Range Block Examples used in art
0x2010–0x2027, 0x2030–0x205E General Punctuation
0x2150–0x218F Number Forms
0x2190–0x21FF Arrows
0x2200–0x22FF Mathematical Operators Λ (technically Greek but kept narrow)
0x2580–0x25FF Block Elements + Geometric Shapes
0x2600–0x26FF Misc Symbols
0x2700–0x27BF Dingbats ,

Box-drawing (0x2500–0x257F) is intentionally excluded — every mainstream terminal special-cases box drawings to 1-wide for TUI sanity even under a CJK locale.
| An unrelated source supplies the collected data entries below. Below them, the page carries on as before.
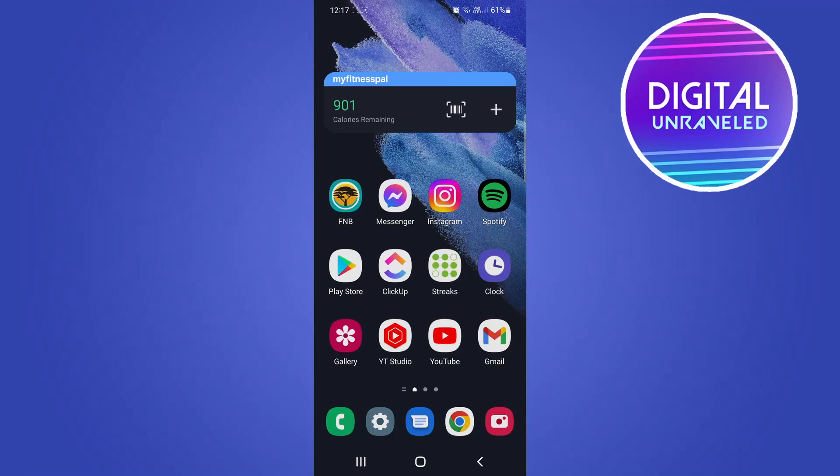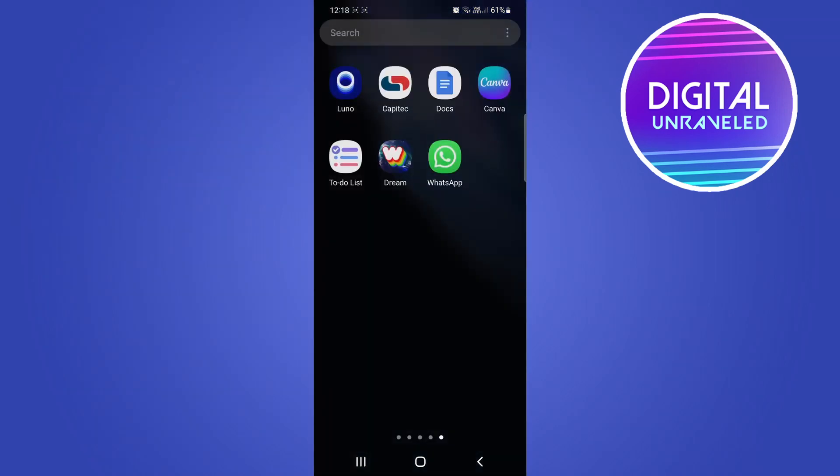What is up guys, welcome back to the channel. In this video I'm going to be showing you how you can uninstall WhatsApp on Android. This is a very simple process. The first thing you can do is find the app on your phone and then long press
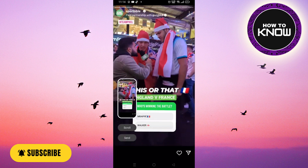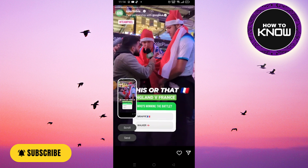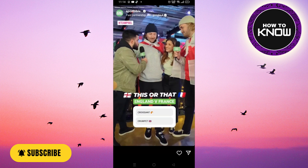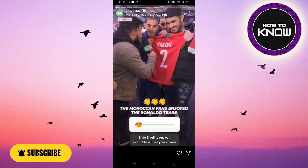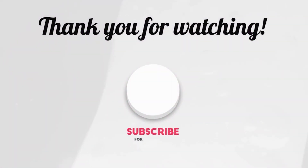If you like the video, don't forget to like and subscribe. See you soon with the next video — thank you so much for watching.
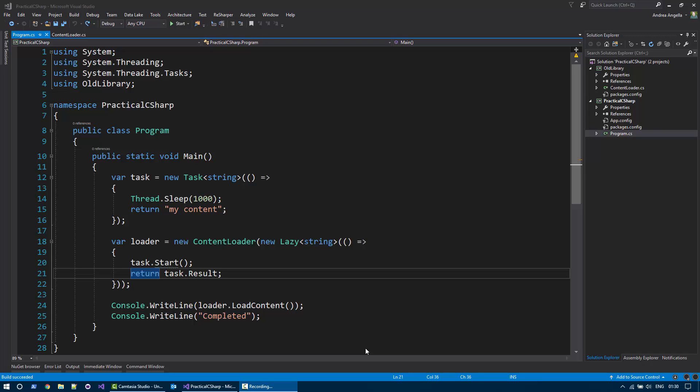Hi everyone. Welcome to the Practical C-Sharp video series. In this video, I'd like to show you how to use the external alias in C-Sharp.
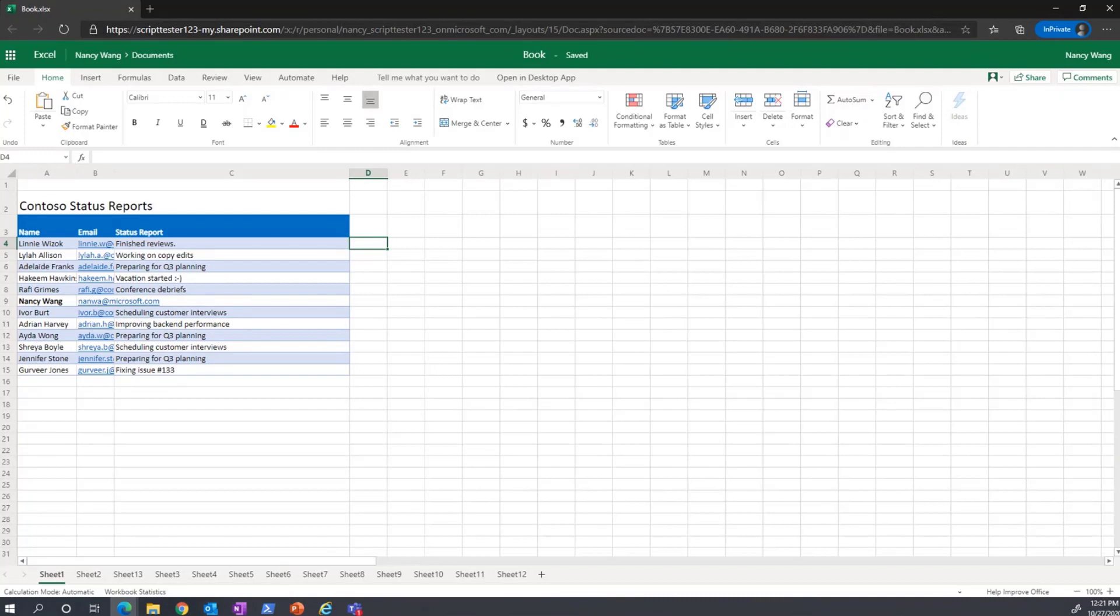One way you can do this is by messaging everyone on your team, copy-pasting their responses into a spreadsheet, and then emailing that spreadsheet to your manager. Or you can use Office Scripts to automate this entire task and never have to worry about it again.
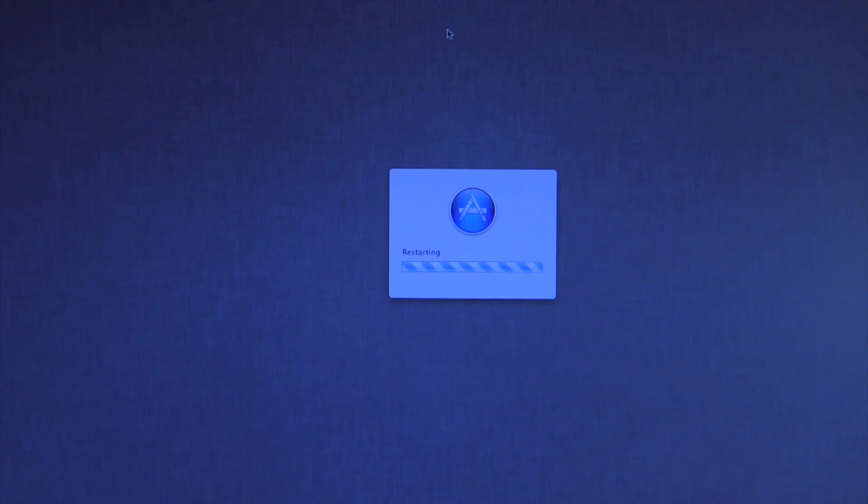Alright, that was actually in real time so as you can see now it simply says restarting. Once again, real time, no editing or anything there. That's actually how long it took to install.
Including them here would double the border width.

charWidth / stringWidth / padDisplay all gained an optional explicit cjk parameter (defaulting to the auto-detected locale) so tests are deterministic regardless of where the suite happens to run.

Test plan

  • bun test — 305 → 307 pass (added explicit non-CJK + CJK + box-drawing cases)
  • Smoke test on Win11 (zh-CN, code page 936): charWidth('◉') === 2, charWidth('─') === 1, IS_CJK_LOCALE === true. animalCard() for Owl now produces a card whose right border lines up with the top.
  • Sanity check on macOS — confirm non-CJK locale still returns 1 for / and existing 12-wide art lines stay 12-wide.
  • After merge: npx petsonality@<next> /pet browse on a fresh CJK Windows box.

Out of scope (separate PR)

bun run build on Win11 still fails at build:art until #7 lands — that's an independent path-resolution bug, not coupled to this fix.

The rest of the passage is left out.